MILL CREEK — The City Council agreed at its July 25 meeting to proceed with grinding and repaving chip-sealed streets in two older neighborhoods this summer despite problems with stormwater pipes that will mean portions of the new pavement are ripped up again later.
“Patches are small compared to what we’ve been living through the past year,” Bundie Olsen said last week in a phone call from her home in the Wildflower neighborhood.
Road crews last summer applied chip seal to streets in the Wildflower and Mill Park Village neighborhoods. The treated roads ride rough. Rocks still come loose a year later. And residents find the surface treatment ill-suited for quiet neighborhood streets used by children on bicycles.
City staff blamed shoddy workmanship by Snohomish County and have been seeking a solution since.
Both neighborhoods will be repaved. The work is scheduled for Aug. 28 to Sept. 1 and will be done by a contractor working for Snohomish County.
“This was an opportunity to offset an unintended error and do the right thing,” Councilman Mark Bond said.
Olsen was at the July 25 meeting, but didn’t expect the decision to come.
“I was shocked — pleasantly,” she said.
Before the meeting, Bundie and her husband, Allen, handed out round pieces of wood to council members, urging city leaders to “get around to it.”
Several neighbors, as well as board members from the Mill Creek Community Association, also turned out.
An inspection of storm water pipes earlier this summer threw repaving into question.

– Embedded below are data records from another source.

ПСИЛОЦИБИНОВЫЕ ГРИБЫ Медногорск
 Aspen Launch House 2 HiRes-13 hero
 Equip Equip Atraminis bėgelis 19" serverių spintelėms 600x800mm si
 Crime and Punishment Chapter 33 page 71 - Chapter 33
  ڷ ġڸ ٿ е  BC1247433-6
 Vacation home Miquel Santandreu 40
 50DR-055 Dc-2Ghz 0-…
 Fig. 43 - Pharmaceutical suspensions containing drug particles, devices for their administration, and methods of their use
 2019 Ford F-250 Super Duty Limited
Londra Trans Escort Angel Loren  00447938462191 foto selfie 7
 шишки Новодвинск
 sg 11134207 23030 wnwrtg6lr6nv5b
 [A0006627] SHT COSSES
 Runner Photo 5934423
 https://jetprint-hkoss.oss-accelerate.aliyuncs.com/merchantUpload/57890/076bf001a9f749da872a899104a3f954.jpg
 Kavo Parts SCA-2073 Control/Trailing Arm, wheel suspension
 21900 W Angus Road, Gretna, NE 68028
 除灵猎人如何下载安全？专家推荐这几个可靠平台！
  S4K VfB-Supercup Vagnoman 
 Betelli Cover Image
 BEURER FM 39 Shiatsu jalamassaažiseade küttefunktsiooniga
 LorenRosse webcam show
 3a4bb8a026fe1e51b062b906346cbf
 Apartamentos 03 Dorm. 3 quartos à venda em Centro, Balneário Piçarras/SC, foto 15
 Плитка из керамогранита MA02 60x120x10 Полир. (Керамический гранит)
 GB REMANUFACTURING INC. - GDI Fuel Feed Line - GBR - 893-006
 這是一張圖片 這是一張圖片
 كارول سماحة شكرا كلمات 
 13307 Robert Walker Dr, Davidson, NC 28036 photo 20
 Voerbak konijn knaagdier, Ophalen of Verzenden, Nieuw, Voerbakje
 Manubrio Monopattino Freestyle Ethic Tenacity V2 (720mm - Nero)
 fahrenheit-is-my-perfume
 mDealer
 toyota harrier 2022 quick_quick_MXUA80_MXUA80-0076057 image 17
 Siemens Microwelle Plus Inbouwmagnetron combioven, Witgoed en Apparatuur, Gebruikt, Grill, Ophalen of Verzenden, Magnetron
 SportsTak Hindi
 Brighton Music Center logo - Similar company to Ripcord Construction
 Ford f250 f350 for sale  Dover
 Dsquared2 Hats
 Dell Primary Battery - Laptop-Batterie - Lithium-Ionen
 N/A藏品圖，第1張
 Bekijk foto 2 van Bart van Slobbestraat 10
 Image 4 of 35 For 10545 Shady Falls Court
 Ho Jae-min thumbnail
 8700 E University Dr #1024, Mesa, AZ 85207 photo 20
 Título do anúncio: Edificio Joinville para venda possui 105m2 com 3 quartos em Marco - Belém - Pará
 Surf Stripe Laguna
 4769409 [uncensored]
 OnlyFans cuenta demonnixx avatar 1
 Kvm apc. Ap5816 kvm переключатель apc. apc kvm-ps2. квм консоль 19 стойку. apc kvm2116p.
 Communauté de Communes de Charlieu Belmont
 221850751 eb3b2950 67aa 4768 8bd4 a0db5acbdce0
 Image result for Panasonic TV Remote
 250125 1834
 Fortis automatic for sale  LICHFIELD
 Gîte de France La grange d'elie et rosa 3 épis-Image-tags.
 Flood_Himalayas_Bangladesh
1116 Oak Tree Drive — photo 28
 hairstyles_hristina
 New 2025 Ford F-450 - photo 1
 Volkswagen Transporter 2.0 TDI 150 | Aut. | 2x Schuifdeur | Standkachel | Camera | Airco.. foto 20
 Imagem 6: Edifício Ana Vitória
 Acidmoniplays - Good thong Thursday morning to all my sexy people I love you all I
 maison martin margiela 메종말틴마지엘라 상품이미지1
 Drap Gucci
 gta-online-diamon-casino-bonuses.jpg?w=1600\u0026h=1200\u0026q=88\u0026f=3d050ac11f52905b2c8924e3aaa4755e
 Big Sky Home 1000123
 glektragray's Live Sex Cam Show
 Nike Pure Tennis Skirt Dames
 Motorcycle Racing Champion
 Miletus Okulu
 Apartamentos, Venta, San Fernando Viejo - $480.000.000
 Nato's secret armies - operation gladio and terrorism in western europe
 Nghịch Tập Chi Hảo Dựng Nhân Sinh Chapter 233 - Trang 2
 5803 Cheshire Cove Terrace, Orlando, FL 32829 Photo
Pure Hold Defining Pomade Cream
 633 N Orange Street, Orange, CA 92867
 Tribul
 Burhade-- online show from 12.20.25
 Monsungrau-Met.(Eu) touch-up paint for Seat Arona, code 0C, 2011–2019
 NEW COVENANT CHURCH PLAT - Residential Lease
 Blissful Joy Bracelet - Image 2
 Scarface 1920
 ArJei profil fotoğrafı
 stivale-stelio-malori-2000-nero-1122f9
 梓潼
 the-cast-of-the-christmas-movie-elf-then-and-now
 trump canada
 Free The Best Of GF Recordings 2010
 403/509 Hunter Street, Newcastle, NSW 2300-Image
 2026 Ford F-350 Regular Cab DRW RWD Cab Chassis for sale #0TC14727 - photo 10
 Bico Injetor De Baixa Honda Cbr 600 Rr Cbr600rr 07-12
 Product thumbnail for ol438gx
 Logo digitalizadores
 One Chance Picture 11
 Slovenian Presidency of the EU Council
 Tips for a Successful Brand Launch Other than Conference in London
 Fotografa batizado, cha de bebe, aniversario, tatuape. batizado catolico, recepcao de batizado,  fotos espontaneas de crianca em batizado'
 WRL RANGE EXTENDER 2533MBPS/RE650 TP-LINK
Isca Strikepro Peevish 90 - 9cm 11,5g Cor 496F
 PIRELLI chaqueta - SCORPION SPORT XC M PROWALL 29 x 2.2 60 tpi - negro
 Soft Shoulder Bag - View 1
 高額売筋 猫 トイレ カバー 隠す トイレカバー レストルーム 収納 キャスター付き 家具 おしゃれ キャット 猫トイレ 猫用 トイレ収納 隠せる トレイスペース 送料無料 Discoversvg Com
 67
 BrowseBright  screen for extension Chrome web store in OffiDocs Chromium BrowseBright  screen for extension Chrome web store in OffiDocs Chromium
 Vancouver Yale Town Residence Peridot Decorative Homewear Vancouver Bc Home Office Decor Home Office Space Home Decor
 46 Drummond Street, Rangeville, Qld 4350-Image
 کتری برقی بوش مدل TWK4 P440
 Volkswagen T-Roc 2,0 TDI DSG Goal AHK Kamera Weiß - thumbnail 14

Engineers with Perteet found 13 segments of pipe that need “immediate” repair, within one to two years. A consultant gave a presentation on the findings at the July 25 meeting.
Both pipe repairs and repaving require dry summer weather — and there is not enough time to do both this year, city staff say.
After presentations and estimates, the council asked those gathered what they preferred: To fix the road this summer, then tear up and patch portions next summer to fix the pipes? Or to fix the pipes first and put off repaving another year, as the consulting engineer recommended?
A majority called for repaving first.
After attending meeting after meeting over the past year, Bundie Olsen said she remained silent, letting others give their answers — but she was pleased with the consensus.
“We get to have our road torn up twice, but it’s going to be fixed,” she said. “It’s a real victory.”
It will cost an estimated $250,000 to repave the roads in both neighborhoods — seven times the cost of the chip-seal jobs.
Fixing the pipes is expected to cost another $230,000; details and a dates for that work will be determined later as part of an update to the city’s capital improvement plan. The city at that time also will address older chip seal jobs in other neighborhoods, including Heatherwood West, which also require pipe repairs.